NEW YORK (AP) — Some of the world’s wildest action in financial markets is roiling around the Japanese yen.
The value of Japan’s currency has tumbled so much that for a moment on Monday it took 160 yen to equal $1. A few years ago, it took closer to 100 yen to make a U.S. dollar. The yen has been so weak that it’s back to where it was in 1990, shortly after Japan’s famous “bubble economy” burst.
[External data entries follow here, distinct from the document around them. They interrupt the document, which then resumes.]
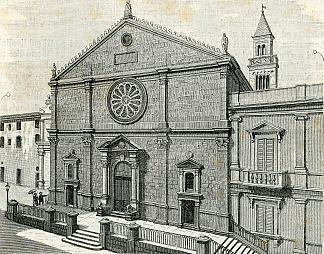 Acquaviva delle Fonti：大教堂的外墙 Acquaviva delle Fonti: facade of the cathedral (1898)，朱塞佩·巴贝里斯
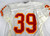 Kansas City Chiefs #39 Game Issued White Jersey 42 986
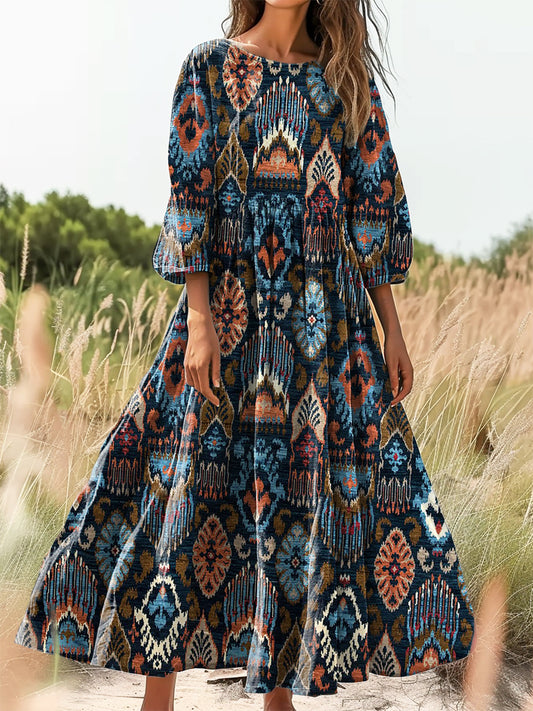 Women's Art Painting Hippie Print Dress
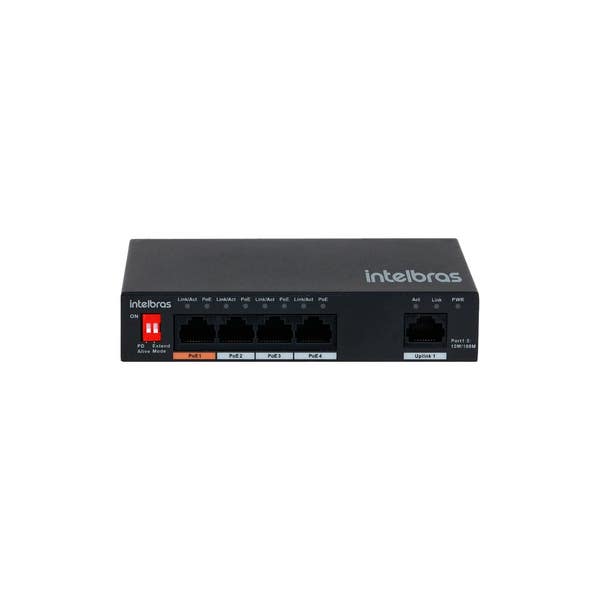 SWITCH SF 500 HI-POE 5 PORTAS FAST ETHERNET - Imagem 3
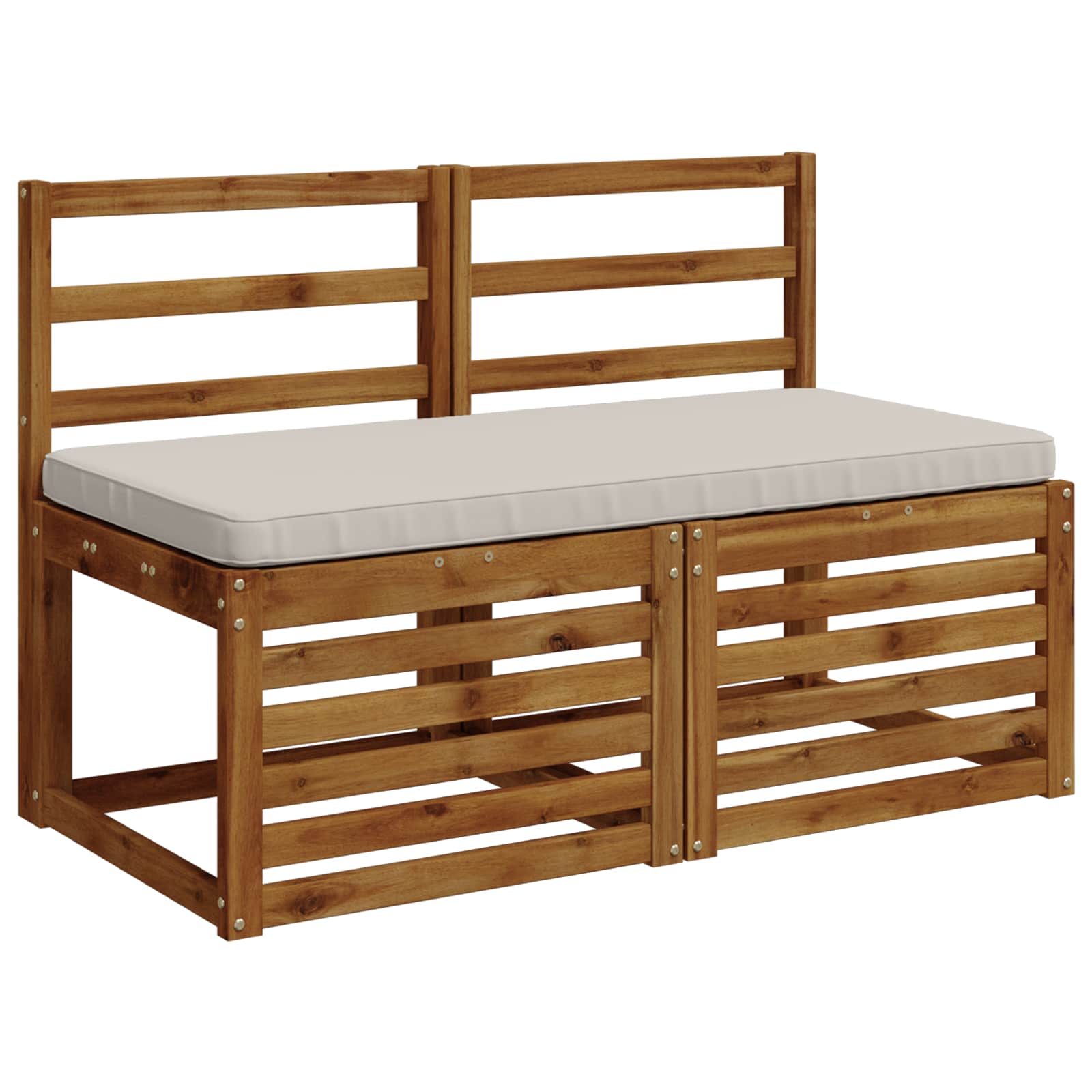 Cuscino per Panchina a 1 Pezzo VUGHT 100% Poliestere Bianco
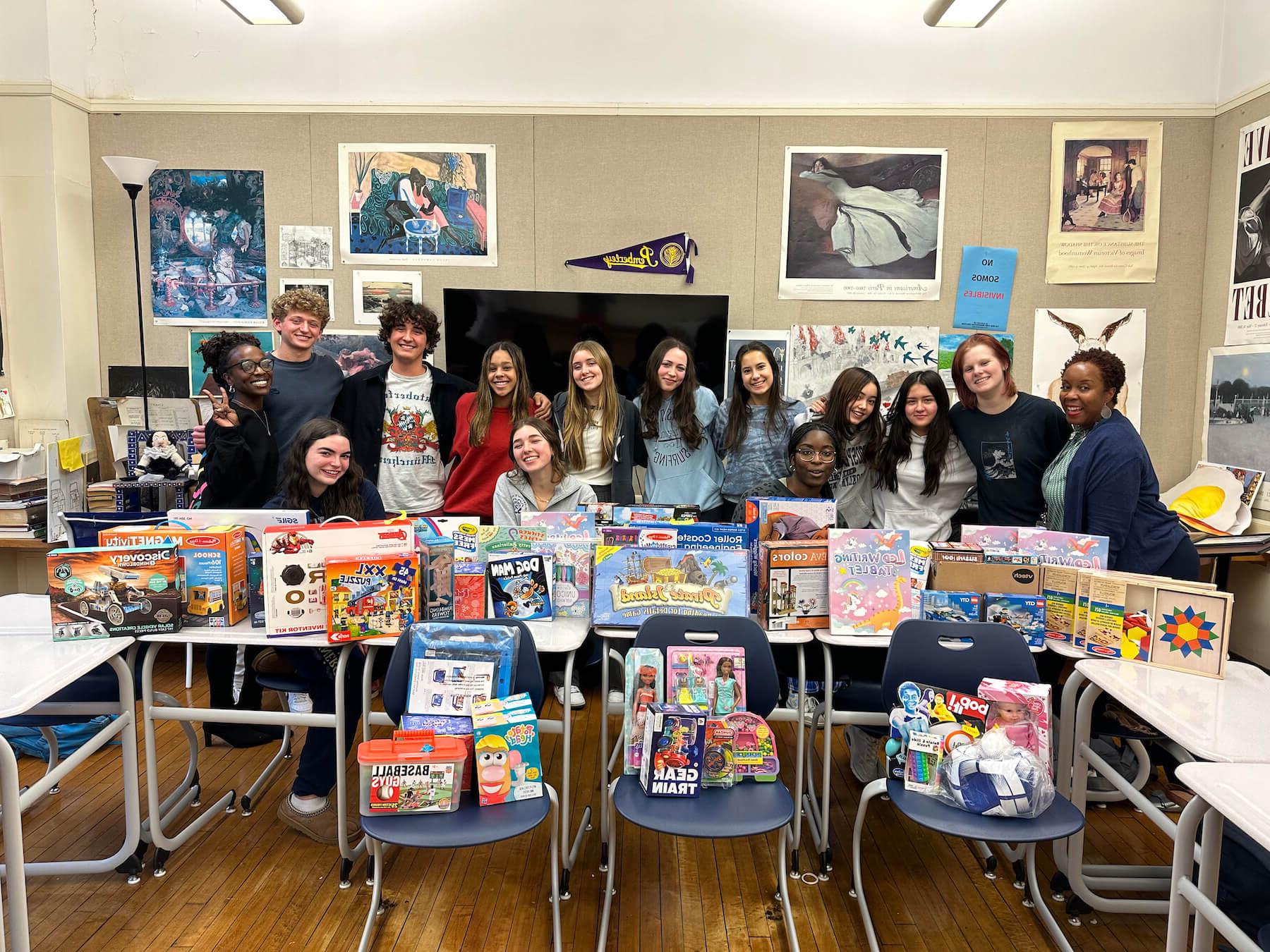 Ethical Culture Fieldston School students and faculty present collection from school drive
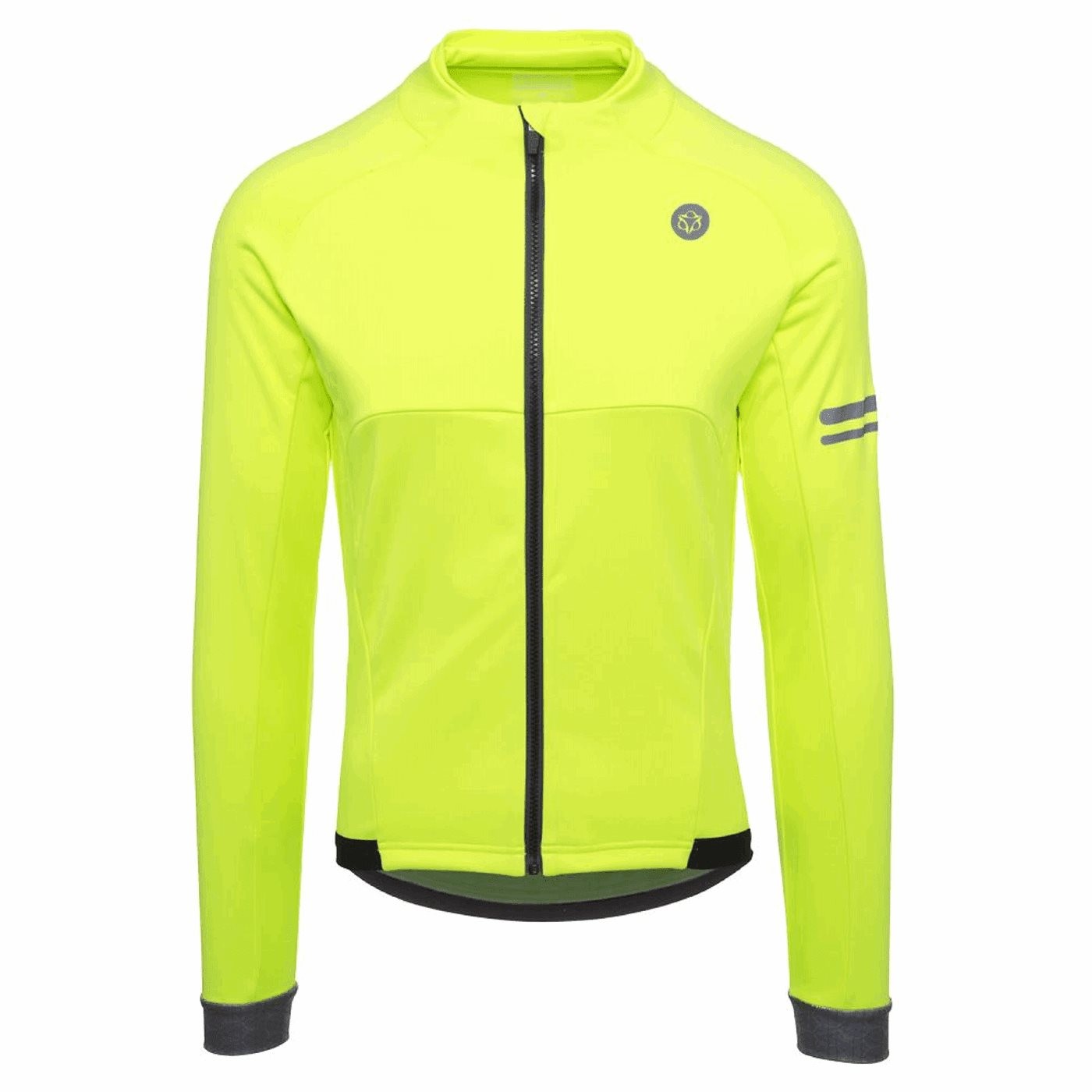 8717565571310 - Windjacke Herren Winter Sport Gelb Fluoreszierend Größe L - Wasserabweisend mit AGU Taschen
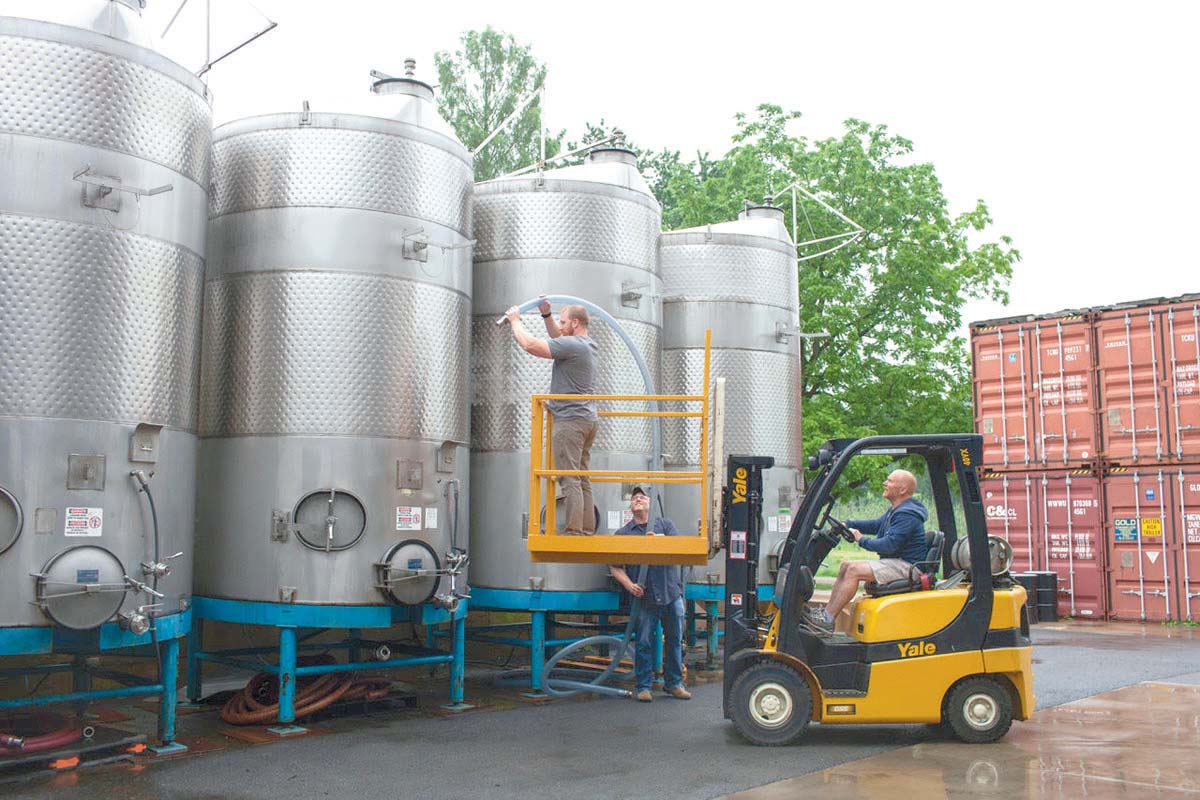 Ironbound Cider vats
After it briefly touched the 160 yen level in overnight hours for traders in New York, the value of a dollar quickly shifted back to 156 yen by midday Monday on the East Coast. Such sudden moves can happen in the foreign-exchange market, which can be notoriously volatile. Trading may also have been jumpy because of a holiday in Japan that kept its stock market closed. But the speed and degree of the yen’s swings raised speculation about whether Japanese officials were making moves to prop up the value of their currency.
The yen has long been under pressure as the Bank of Japan kept interest rates remarkably low to encourage more inflation in its economy. Only last month did it end its policy to keep its benchmark interest rate below zero.
The Bank of Japan’s latest decision on rates came on Friday, when it held interest rates steady. That helped spur this latest leg of weakness for the yen. The market may have been reacting to a lack of commitment by the Bank of Japan for more rate hikes in the near term, and the yen may remain under pressure into the third quarter of this year, strategists at Bank of America said in a BofA Global Research report.
That’s in part because of how solid the U.S. economy has remained. With inflation and the economy still higher than forecast, expectations are rising for the Federal Reserve to keep its main interest rate high for a while. That’s kept U.S. Treasury yields high and put upward pressure on the U.S. dollar’s value.
A weak yen is good for U.S. tourists heading to Japan, meaning each $1 of theirs buys more yen. It can also be a boon for Japan’s exporters because it boosts the value of their sales made in U.S. dollars when translated back into yen.
But keeping the yen weak carries risks. A central one is that it could cause inflation in Japan ultimately to overshoot targets and hurt the world’s third-largest economy. Japan imports almost all its energy, for example, and barrels of oil get traded in dollars, not yen.